**PROBLEM STATEMENT**
Copy the listing exactly, please, and keep every picture out of it.

━━━━━━

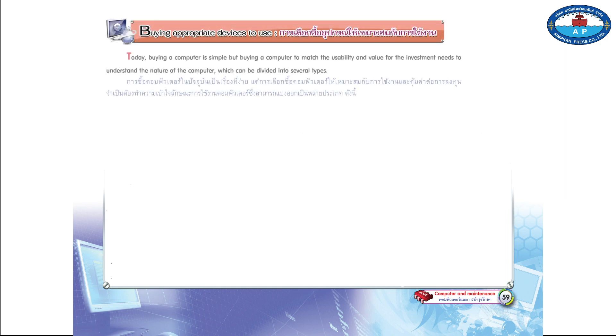Page 59. Buying Appropriate Devices to Use Today. Buying a computer is simple, but buying a computer to match the usability and value for the investment needs to understand the nature of the computer, which can be divided into several types.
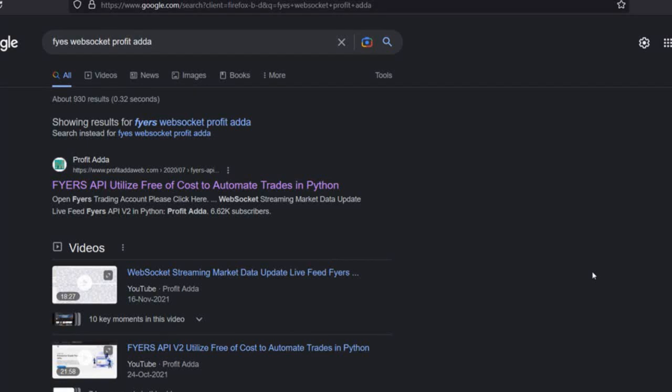Welcome to Profitada. Today I'm going to talk about WebSocket data from FIAS. Earlier I did a video related to this and provided the code. When I installed the newer version of the FIAS API, there was some problem with the WebSocket data, so that's the reason I deprecated the FIAS API.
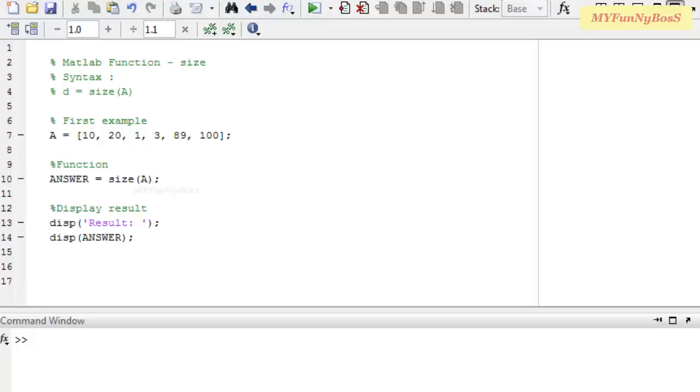The size function is used to obtain the order of a matrix or an array that I am going to supply as an argument.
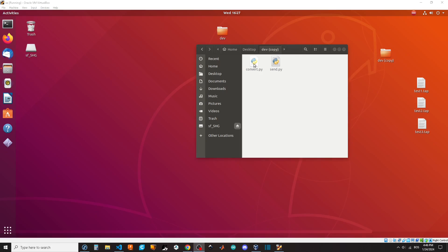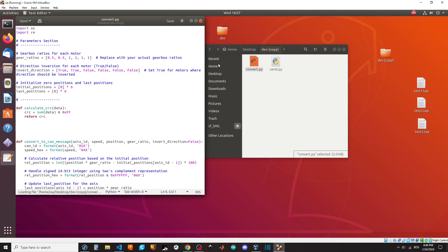Welcome to this tutorial where we will learn how to convert and stream G-code into CAN messages. We can input gearbox ratio for each motor.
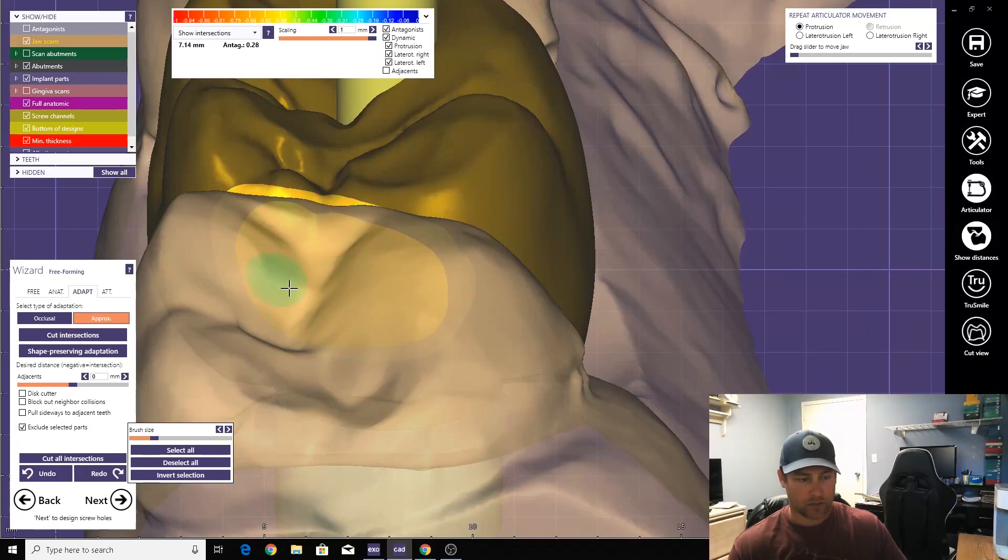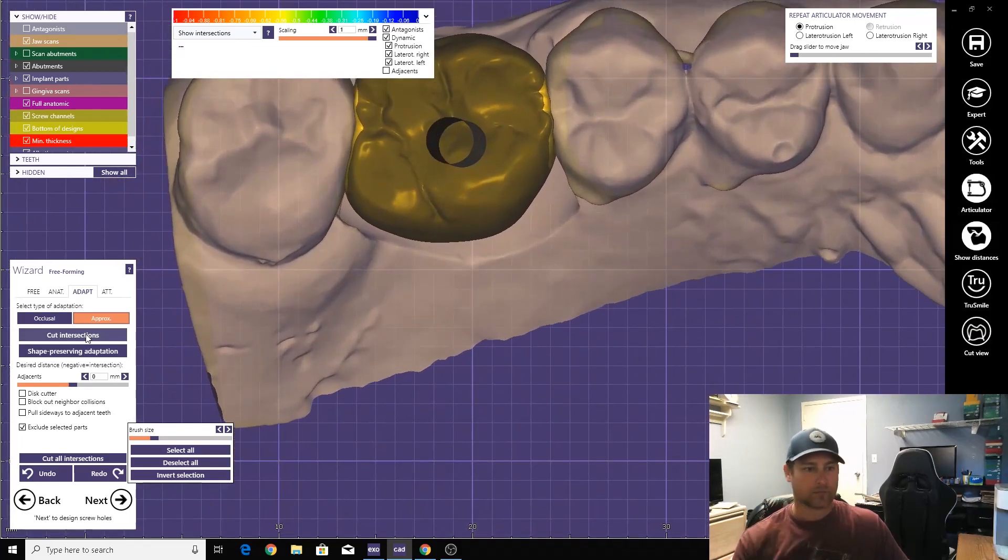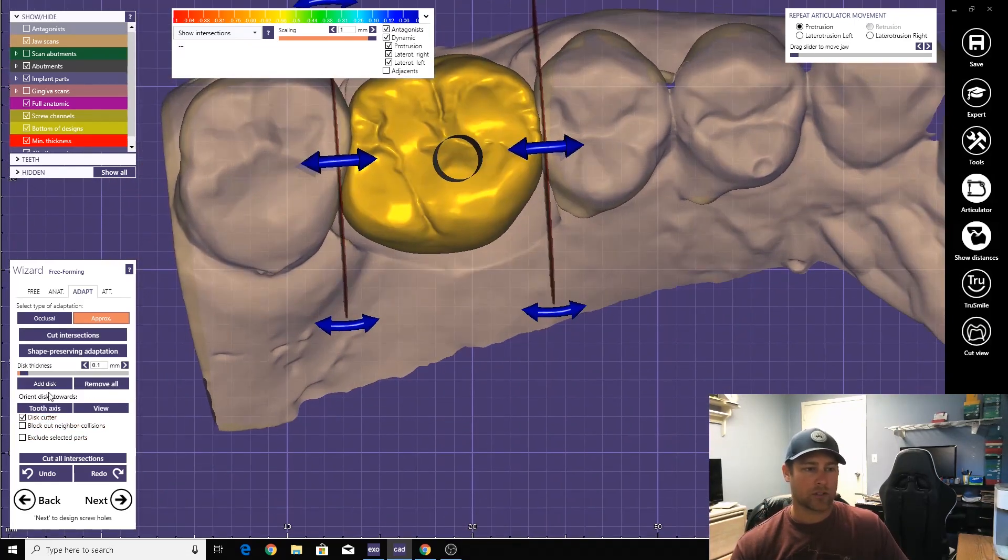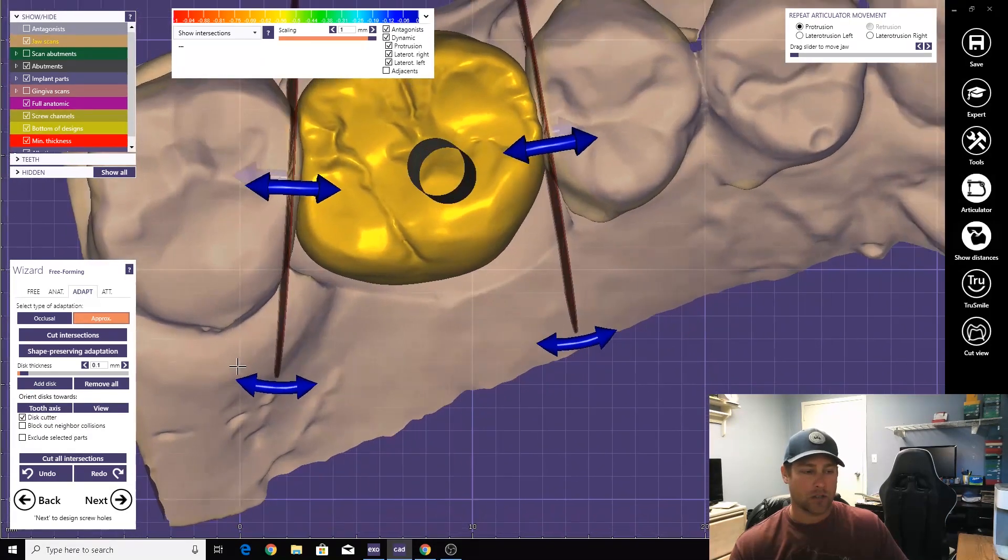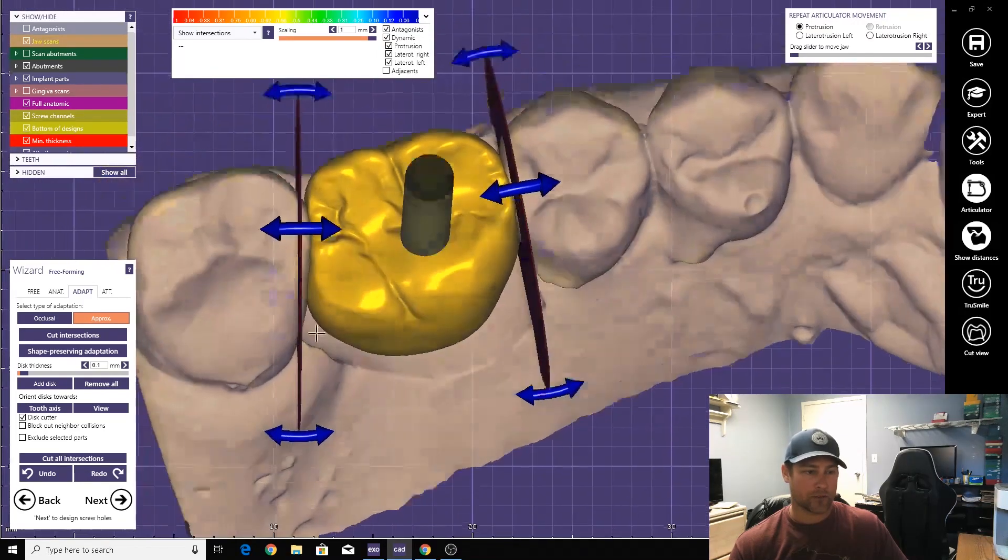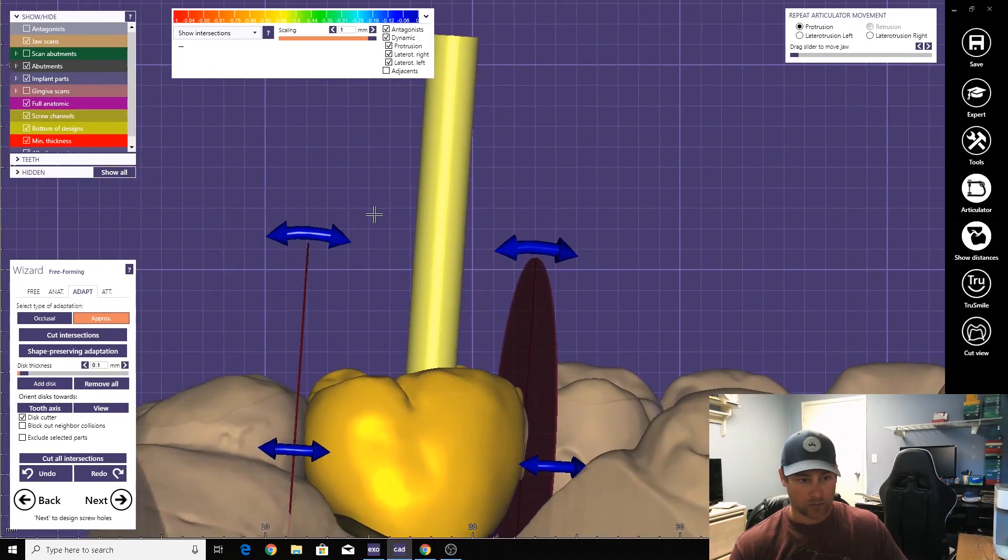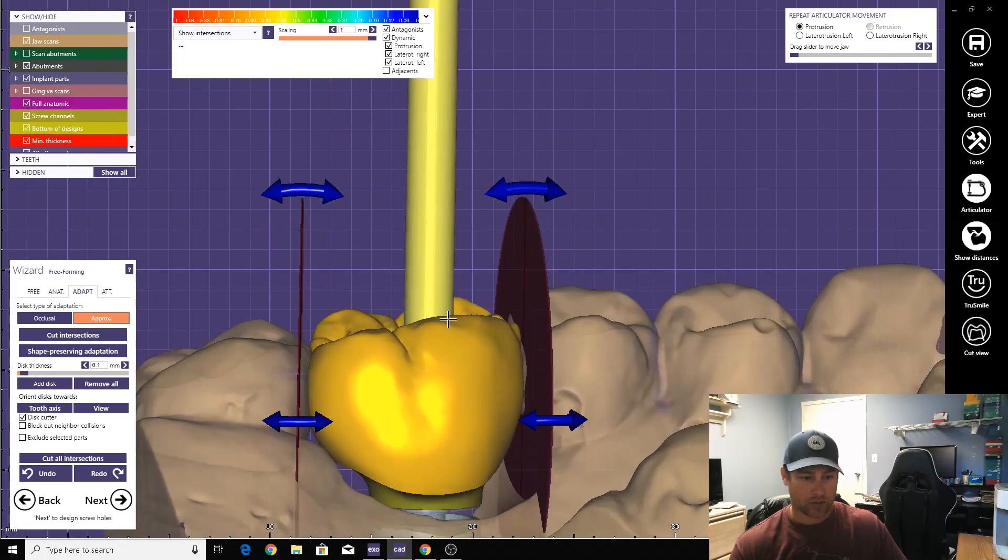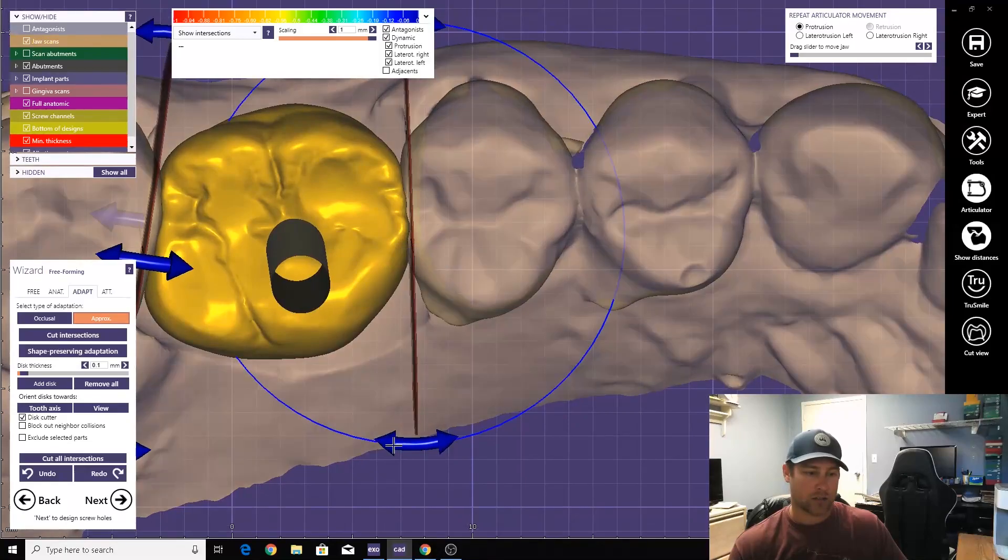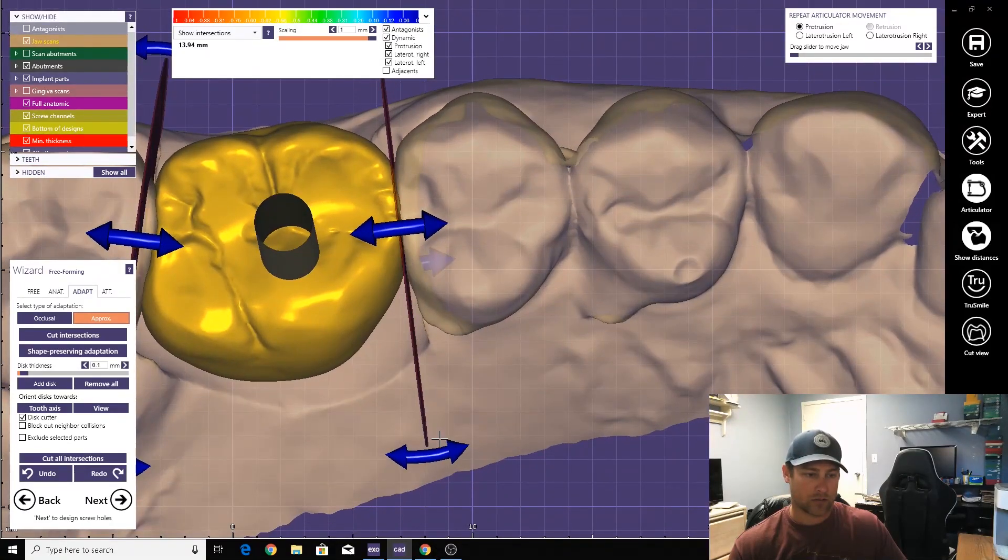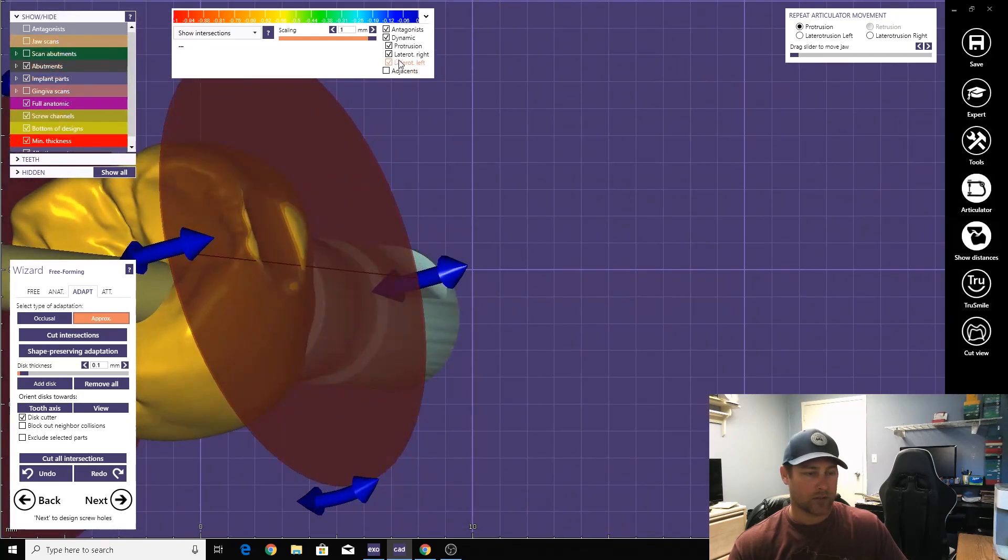Because there's only one way these things can go in. You can move these left and right up here from the occlusal load, but you cannot rotate them here, especially when you're in the screw-retained. Everything's lined up already with this screw channel, so you don't want to change that. Otherwise, the crown won't fit, contact will be too tight.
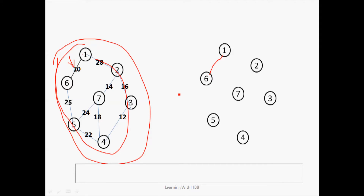Now we look for the neighbor of vertices 1 and 6 such that the minimum cost after taking that vertex into account is minimum. For example, if we choose vertex 5 the weight is 25, giving a total of 10 + 25 = 35; if we choose vertex 2 the weight is 28, giving 10 + 28 = 38. Since 35 is smaller, we will draw an edge to vertex 5.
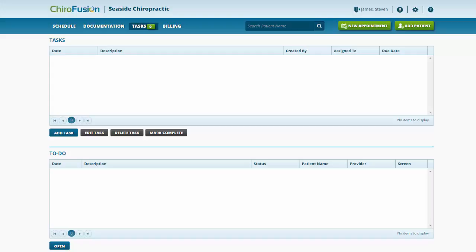Hello and welcome to the ChiroFusion eLearning series. In this tutorial, we're going to be discussing the Task Manager.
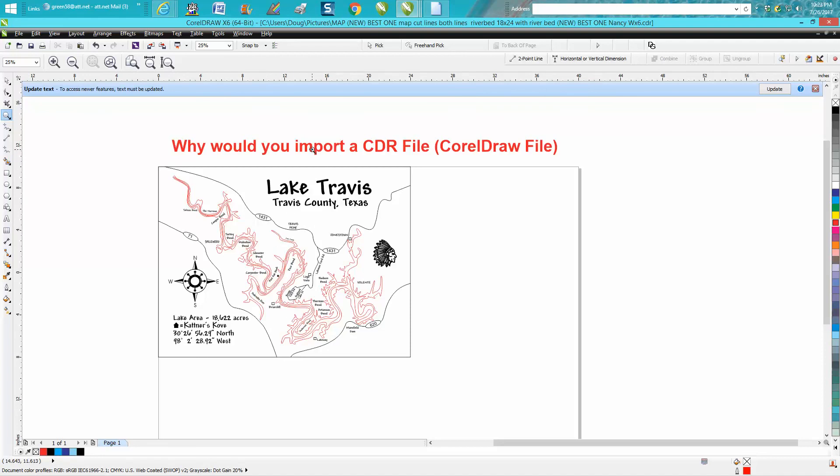You can import almost any kind of file format, JPEG, PDF, but you can also import CDR files. Anyway, hope that helped a little bit, and thank you for watching.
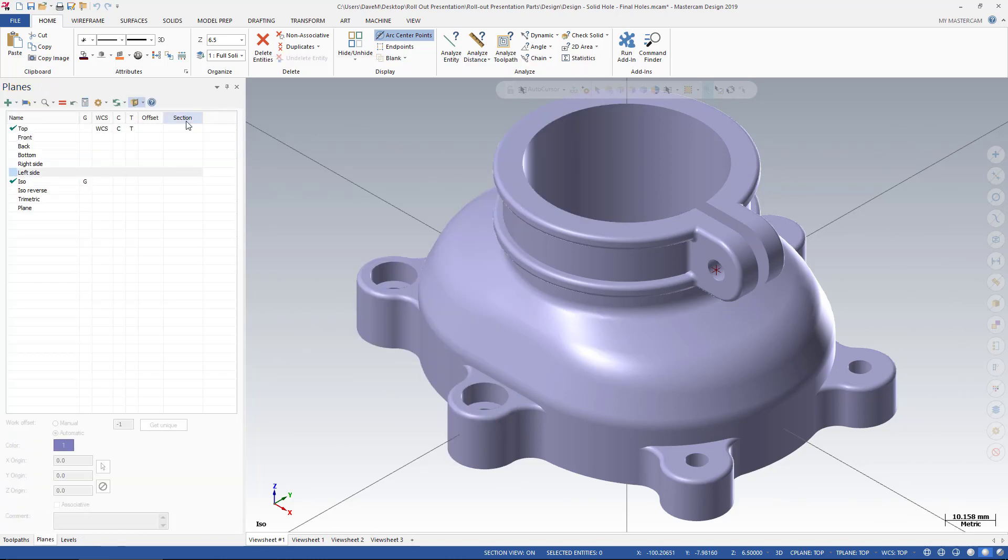Also, remember, if the Section View option is not under your Plane Manager, to right click and make sure that it is turned on.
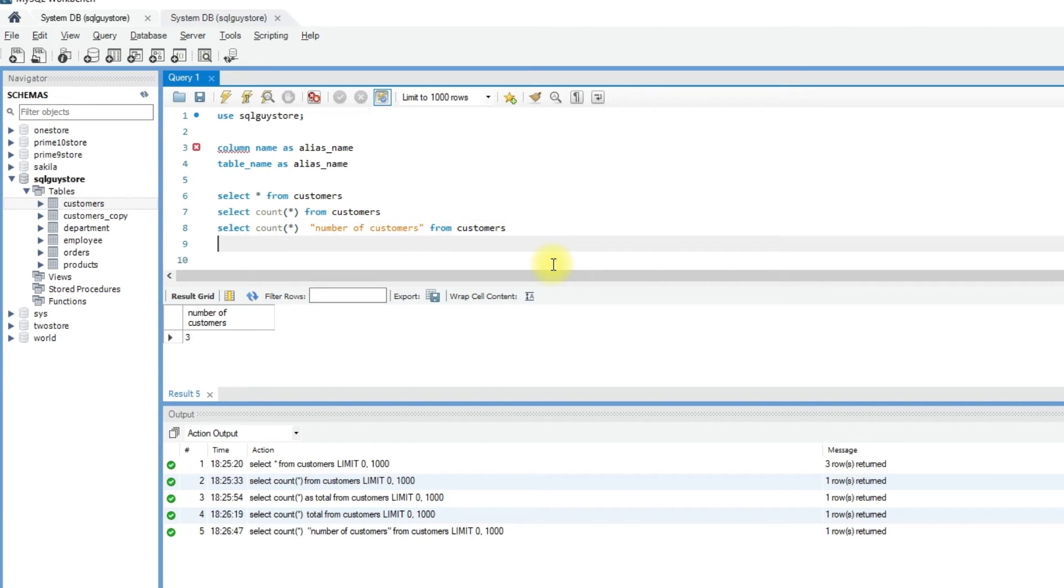Next, we will see how to alias a table name. Generally, we need to give an alias name to a table when you want to shorten the table name or when you perform a self-join.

━━━━━━

**FINAL ANSWER**
Page 59. Buying Appropriate Devices to Use Today. Buying a computer is simple, but buying a computer to match the usability and value for the investment needs to understand the nature of the computer, which can be divided into several types.
Welcome to Profitada. Today I'm going to talk about WebSocket data from FIAS. Earlier I did a video related to this and provided the code. When I installed the newer version of the FIAS API, there was some problem with the WebSocket data, so that's the reason I deprecated the FIAS API.
The size function is used to obtain the order of a matrix or an array that I am going to supply as an argument.
Welcome to this tutorial where we will learn how to convert and stream G-code into CAN messages. We can input gearbox ratio for each motor.
Because there's only one way these things can go in. You can move these left and right up here from the occlusal load, but you cannot rotate them here, especially when you're in the screw-retained. Everything's lined up already with this screw channel, so you don't want to change that. Otherwise, the crown won't fit, contact will be too tight.
Now we look for the neighbor of vertices 1 and 6 such that the minimum cost after taking that vertex into account is minimum. For example, if we choose vertex 5 the weight is 25, giving a total of 10 + 25 = 35; if we choose vertex 2 the weight is 28, giving 10 + 28 = 38. Since 35 is smaller, we will draw an edge to vertex 5.
Hello and welcome to the ChiroFusion eLearning series. In this tutorial, we're going to be discussing the Task Manager.
You can import almost any kind of file format, JPEG, PDF, but you can also import CDR files. Anyway, hope that helped a little bit, and thank you for watching.
Also, remember, if the Section View option is not under your Plane Manager, to right click and make sure that it is turned on.
Next, we will see how to alias a table name. Generally, we need to give an alias name to a table when you want to shorten the table name or when you perform a self-join.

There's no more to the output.